> [Task statement]:
Write the listing below out again in full, dropping its pictures.

> [Supplied information]:

=======

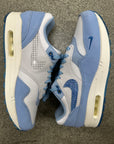 AIR MAX 1 BLUE PRINT - SIZE 8.5 (WORN)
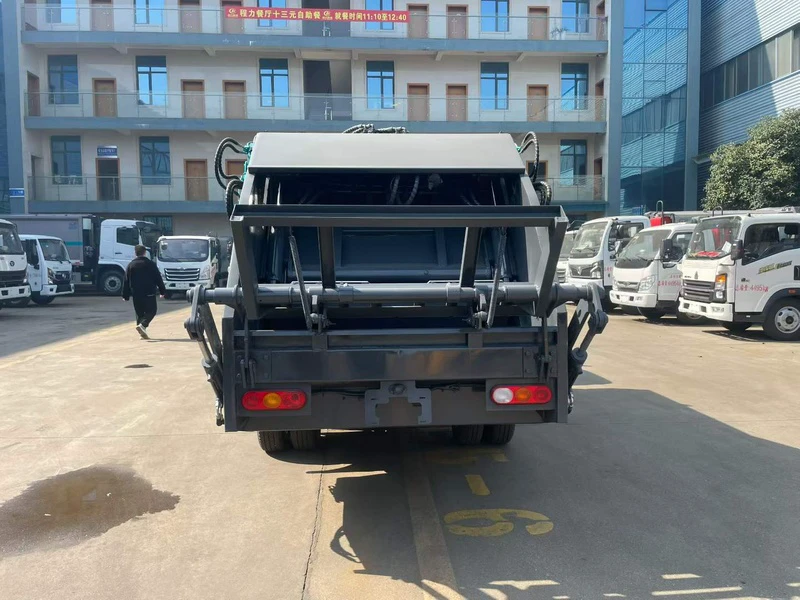 Fodi Ditu EF3 5m³ Pure Electric Compactor Truck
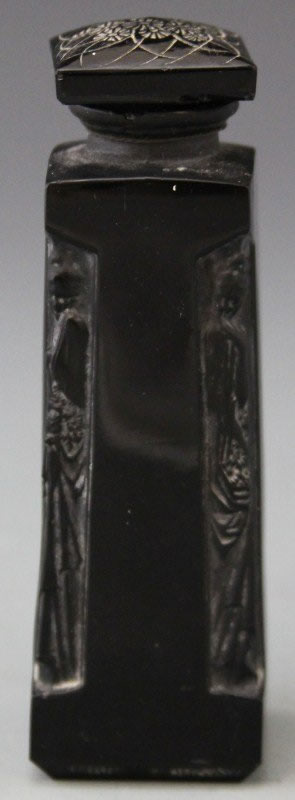 Rene Lalique Perfume Bottle Ambre D'Orsay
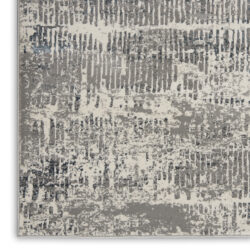 Alternative view of Michael Amini MA90 Uptown UPT03 Ivory/Grey Area Rug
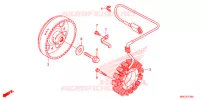 ALTERNATEUR pour Honda CB 1100 EX ABS 2016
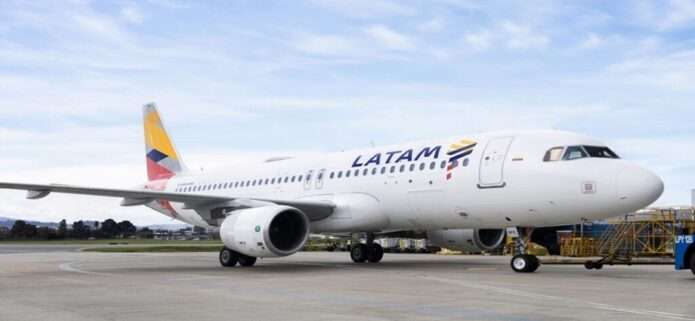 LATAM Colombia operará vuelos diarios entre Bogotá y Caracas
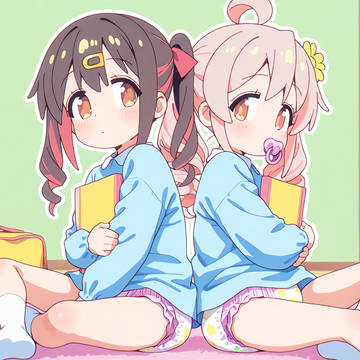 Oyama Twin /(Mihari/Mahiro)/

=======

> [Solution]:
 AIR MAX 1 BLUE PRINT - SIZE 8.5 (WORN)
 Fodi Ditu EF3 5m³ Pure Electric Compactor Truck
 Rene Lalique Perfume Bottle Ambre D'Orsay
 Alternative view of Michael Amini MA90 Uptown UPT03 Ivory/Grey Area Rug
 ALTERNATEUR pour Honda CB 1100 EX ABS 2016
 LATAM Colombia operará vuelos diarios entre Bogotá y Caracas
 Oyama Twin /(Mihari/Mahiro)/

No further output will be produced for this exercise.